From a bare reading of the above provisions it is clear that before an appellate Court can make an order of remand it should set aside the decision of the trial Court without examining the case on merit. Even in the case of Remco Inds. Workers House Bldg. Co-operative Society (supra) cited by the learned counsel appearing for the plaintiffs, the Supreme Court remanded the suit under Order XL1 Rule 23A of the Code, only after deciding that the decision of the learned trial Court and the High Court in appeal were vitiated by law in not considering a relevant document exhibited by the defendant, resulting in an error of decision on an important issue of the matter. However, in the case at hand the first appellate Court has remanded the entire suit to the learned trial Court without deciding the judgment and decree passed by the learned trial Court on merit. This is not permissible in law and I find that the plaintiffs are justified in their submission that in the present case the learned first appellate Court has committed an error of law in sending back the suit to the learned trial Judge. The learned first appellate Court overlooked the fact that in view of the finding of the learned trial Judge in the case at hand that the defendants were already in possession of the suit property, the suit as was originally framed without any relief for recovery of possession of the suit property was barred by the Proviso to Section 34 of the Specific Relief Act, 1963.

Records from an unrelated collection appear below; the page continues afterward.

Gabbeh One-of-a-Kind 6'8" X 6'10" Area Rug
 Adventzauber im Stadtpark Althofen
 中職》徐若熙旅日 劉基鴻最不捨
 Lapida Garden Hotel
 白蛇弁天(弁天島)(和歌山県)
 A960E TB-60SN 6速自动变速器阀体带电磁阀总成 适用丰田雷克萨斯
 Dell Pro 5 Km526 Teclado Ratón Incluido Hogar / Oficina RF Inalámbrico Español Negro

For all the foregoing reasons, the present appeal is allowed to the following extent. The application for amendment of the plaint, both in the body and the relief portion, in so far as the same related to the prayers for decrees that the said registered deed of conveyance dated October 29, 1999 and the deed of rectification dated June 18, 2001 executed by Renukarani in favour of the defendants are false, fake, fraudulent, bad in the eye of law, void ab initio and not operative and that the defendants fraudulently obtained their names recorded in the revenue records, in respect of the suit property is rejected. The order passed by the first appellate Court in so far as the same allowed the plaintiffs to incorporate the averments in paragraphs 10(a) and 10(b) in the body of the plaint and the relief (A-1) to (A-4) of the plaint, is set aside. It is further directed the amended relief (A-5) to (A-7) and amendment of schedule “A” to the plaint shall have prospective effect from September 15, 2011. The order of remand passed by the learned first appellate Court is also set aside. Title Appeal No. 3 of 2009 is sent back to the learned first appellate Court for disposal of the appeal on merit on the basis of the materials on record and if necessary, by allowing the parties to adduce fresh evidence only with regard to the facts arisen subsequent to the judgment and decree passed by the learned trial Judge in the suit. Considering the facts of the case, the learned first appellate Court is requested to dispose of the appeal as expeditiously as possible, preferably within four months from the date of receipt of the lower Courts records.

However, there shall be no order as to costs.

Let the lower Courts’ records along with the copy of this judgment be forthwith sent to the learned lower appellate Court.

Urgent certified copy of this judgement, if applied for, be supplied to the parties subject to compliance with all requisite formalities.